Published: January 2, 2004


AMARRA, Iraq, Dec. 28 — The intimate horror of the guerrilla war here in Iraq seems most vivid when seen through the sights of a sniper's rifle.

In an age of satellite-guided bombs dropped at featureless targets from 30,000 feet, Army snipers can see the expression on a man's face when the bullet hits.

"I shot one guy in the head, and his head exploded," said Sgt. Randy Davis, one of about 40 snipers in the Army's new 3,600-soldier Stryker Brigade, from Fort Lewis, Wash. "Usually, though, you just see a dust cloud pop up off their clothes, and see a little blood splatter come out the front."

Working in teams of two or three, Army snipers here in Iraq cloak themselves in the shadows of empty city buildings or burrow into desert sands with camouflage suits, waiting to fell guerrilla gunmen and their leaders with a single shot from as far as half a mile away.

As the counterinsurgency grinds into its ninth month, the Army is increasingly relying on snipers to protect infantry patrols sweeping through urban streets and alleyways, and to kill guerrilla leaders and disrupt their attacks.

"Properly employed, we can break the enemy's back," said Sergeant Davis, 25, who is from Murfreesboro, Tenn. "Our main targets are their main command and control elements and other high-value targets."

Soldiering is a violent business, and emotions in combat run high. But commanders say snipers are a different breed of warrior — quiet, unflappable marksmen who bring a dispassionate intensity to their deadly task.

"The good ones have to be calm, methodical and disciplined," said Lt. Col. Karl Reed, who commands the Stryker Brigade's Fifth Battalion, 20th Infantry, Sergeant Davis's parent unit.

In the month since he arrived here on his first combat tour, Sergeant Davis already has eight confirmed kills — including seven in a single day — and two "probables."
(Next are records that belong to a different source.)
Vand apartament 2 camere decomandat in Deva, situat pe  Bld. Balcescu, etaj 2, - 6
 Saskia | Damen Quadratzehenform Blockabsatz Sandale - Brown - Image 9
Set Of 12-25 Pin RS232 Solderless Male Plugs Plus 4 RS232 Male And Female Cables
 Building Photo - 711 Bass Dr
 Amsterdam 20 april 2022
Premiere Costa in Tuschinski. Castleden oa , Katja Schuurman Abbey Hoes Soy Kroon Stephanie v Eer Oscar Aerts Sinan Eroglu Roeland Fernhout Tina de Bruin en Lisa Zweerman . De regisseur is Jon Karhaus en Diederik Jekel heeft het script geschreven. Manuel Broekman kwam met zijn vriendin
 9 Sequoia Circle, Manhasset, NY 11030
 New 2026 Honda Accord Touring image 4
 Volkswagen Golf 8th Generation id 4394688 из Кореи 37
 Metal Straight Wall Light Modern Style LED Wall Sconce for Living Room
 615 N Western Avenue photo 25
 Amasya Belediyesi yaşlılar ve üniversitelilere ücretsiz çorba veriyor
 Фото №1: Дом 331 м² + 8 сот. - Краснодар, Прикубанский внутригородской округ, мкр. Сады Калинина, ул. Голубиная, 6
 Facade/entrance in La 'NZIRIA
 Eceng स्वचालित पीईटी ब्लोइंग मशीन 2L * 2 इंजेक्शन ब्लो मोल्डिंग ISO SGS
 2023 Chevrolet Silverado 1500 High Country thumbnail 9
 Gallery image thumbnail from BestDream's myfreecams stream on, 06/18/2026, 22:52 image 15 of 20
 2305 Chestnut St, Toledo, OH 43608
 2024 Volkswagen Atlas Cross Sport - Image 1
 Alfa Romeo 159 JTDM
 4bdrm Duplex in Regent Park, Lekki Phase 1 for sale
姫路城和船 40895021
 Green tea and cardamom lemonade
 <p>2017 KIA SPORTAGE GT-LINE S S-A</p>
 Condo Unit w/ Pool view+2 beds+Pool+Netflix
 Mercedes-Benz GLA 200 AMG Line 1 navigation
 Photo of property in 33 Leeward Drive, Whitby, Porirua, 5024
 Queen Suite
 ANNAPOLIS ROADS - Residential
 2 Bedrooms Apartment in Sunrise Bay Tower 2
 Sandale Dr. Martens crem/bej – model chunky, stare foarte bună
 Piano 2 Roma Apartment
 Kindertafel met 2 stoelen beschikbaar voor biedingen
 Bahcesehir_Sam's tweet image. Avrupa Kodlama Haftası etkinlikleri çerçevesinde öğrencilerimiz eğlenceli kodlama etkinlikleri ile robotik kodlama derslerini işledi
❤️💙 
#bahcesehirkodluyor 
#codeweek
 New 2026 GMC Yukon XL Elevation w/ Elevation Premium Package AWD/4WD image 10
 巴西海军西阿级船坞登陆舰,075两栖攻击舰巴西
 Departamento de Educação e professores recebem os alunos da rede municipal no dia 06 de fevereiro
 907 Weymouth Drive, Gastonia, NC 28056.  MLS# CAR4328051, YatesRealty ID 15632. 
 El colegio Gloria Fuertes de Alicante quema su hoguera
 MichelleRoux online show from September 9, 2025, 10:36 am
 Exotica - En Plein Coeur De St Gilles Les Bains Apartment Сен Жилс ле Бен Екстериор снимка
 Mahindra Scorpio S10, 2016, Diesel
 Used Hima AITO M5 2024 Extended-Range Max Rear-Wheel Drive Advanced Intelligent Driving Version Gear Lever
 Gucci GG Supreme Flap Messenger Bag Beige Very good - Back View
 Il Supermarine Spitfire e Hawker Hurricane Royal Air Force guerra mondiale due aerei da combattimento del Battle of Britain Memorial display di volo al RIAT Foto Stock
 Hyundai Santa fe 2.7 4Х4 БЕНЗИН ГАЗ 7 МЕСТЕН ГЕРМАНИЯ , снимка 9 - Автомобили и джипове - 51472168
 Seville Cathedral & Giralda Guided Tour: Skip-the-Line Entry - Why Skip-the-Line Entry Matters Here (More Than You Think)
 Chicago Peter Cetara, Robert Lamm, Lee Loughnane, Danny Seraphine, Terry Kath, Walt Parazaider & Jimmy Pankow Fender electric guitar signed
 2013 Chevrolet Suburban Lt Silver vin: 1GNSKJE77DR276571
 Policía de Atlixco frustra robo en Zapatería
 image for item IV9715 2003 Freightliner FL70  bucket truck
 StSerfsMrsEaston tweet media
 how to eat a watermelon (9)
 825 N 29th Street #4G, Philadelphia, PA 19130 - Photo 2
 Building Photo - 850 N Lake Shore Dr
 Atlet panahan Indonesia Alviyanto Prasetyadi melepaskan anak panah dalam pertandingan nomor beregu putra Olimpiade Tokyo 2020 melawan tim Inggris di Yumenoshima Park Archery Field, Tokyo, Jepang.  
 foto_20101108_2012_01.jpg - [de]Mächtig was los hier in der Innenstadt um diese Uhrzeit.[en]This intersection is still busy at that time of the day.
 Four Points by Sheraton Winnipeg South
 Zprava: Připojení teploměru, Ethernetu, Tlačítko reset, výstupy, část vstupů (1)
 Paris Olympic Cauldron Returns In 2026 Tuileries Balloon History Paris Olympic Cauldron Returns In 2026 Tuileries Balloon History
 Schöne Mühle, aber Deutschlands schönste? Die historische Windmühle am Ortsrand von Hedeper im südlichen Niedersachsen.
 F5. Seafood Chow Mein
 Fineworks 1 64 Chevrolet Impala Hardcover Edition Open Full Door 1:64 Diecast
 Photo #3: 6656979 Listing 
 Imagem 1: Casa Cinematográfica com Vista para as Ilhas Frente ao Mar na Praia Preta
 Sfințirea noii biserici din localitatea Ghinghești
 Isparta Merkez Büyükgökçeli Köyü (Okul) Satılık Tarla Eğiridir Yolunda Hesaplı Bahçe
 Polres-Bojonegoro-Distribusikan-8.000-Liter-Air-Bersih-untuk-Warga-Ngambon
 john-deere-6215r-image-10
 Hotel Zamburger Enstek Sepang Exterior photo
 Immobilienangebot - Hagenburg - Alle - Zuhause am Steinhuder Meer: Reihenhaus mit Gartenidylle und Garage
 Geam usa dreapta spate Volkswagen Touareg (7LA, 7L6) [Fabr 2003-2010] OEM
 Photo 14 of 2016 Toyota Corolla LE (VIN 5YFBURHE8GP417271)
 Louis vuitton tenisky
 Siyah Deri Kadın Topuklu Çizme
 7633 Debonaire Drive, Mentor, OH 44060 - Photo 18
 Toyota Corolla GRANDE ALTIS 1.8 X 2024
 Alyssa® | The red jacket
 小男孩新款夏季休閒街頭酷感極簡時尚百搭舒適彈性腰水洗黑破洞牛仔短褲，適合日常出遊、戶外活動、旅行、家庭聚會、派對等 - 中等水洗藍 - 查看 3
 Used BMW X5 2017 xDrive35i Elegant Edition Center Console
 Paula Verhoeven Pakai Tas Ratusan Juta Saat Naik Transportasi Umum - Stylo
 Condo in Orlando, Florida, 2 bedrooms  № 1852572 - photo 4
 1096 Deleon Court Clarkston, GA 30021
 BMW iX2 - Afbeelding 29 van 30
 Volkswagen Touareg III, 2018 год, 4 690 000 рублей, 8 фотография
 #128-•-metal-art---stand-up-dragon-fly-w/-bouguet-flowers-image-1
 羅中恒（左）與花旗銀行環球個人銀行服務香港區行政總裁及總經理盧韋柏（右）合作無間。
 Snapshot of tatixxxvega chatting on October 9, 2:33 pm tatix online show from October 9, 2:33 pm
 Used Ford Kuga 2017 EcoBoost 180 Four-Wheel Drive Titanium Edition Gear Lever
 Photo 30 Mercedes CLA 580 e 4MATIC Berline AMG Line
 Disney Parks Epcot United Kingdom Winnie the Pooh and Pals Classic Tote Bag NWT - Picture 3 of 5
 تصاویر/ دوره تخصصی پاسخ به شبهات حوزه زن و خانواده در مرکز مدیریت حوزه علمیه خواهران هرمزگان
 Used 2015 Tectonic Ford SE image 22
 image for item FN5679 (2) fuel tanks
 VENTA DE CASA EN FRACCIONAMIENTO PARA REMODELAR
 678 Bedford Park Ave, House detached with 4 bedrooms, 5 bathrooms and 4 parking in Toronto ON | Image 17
He and his partner, Specialist Chris Wilson, who has one confirmed kill, do not brag about their feats. Their words reflect a certain icy professionalism instilled in men who say they take no pleasure in killing, and try not to see their Iraqi foes as men with families and children.

"You don't think about it," said Specialist Wilson, 24, of Muncie, Ind., speaking at an austere base camp near here after a late-afternoon mission. "You just think about the lives of the guys to your left and right."

Sergeant Davis nodded in agreement: "As soon as they picked up a weapon and tried to engage U.S. soldiers, they forfeited all their rights to life, is how I look at it."

All soldiers are trained to destroy an opponent, but snipers have honed the art of killing to a fine edge. At a five-week training course at Fort Benning, Ga., they learn to stalk their prey, conceal their own movements, spot telltale signs of an enemy shooter and take down a target with a lone shot.

To qualify for the school, a soldier must already be an expert marksman, pass a physical examination and undergo a psychological screening ("To make sure they're not training a nut," Sergeant Davis said.) The rigorous course fails more than half of its students.

The demand for snipers is great enough that the Army has sent a team of trainers to Iraq to keep churning out new ones for the war effort here and in other hot spots.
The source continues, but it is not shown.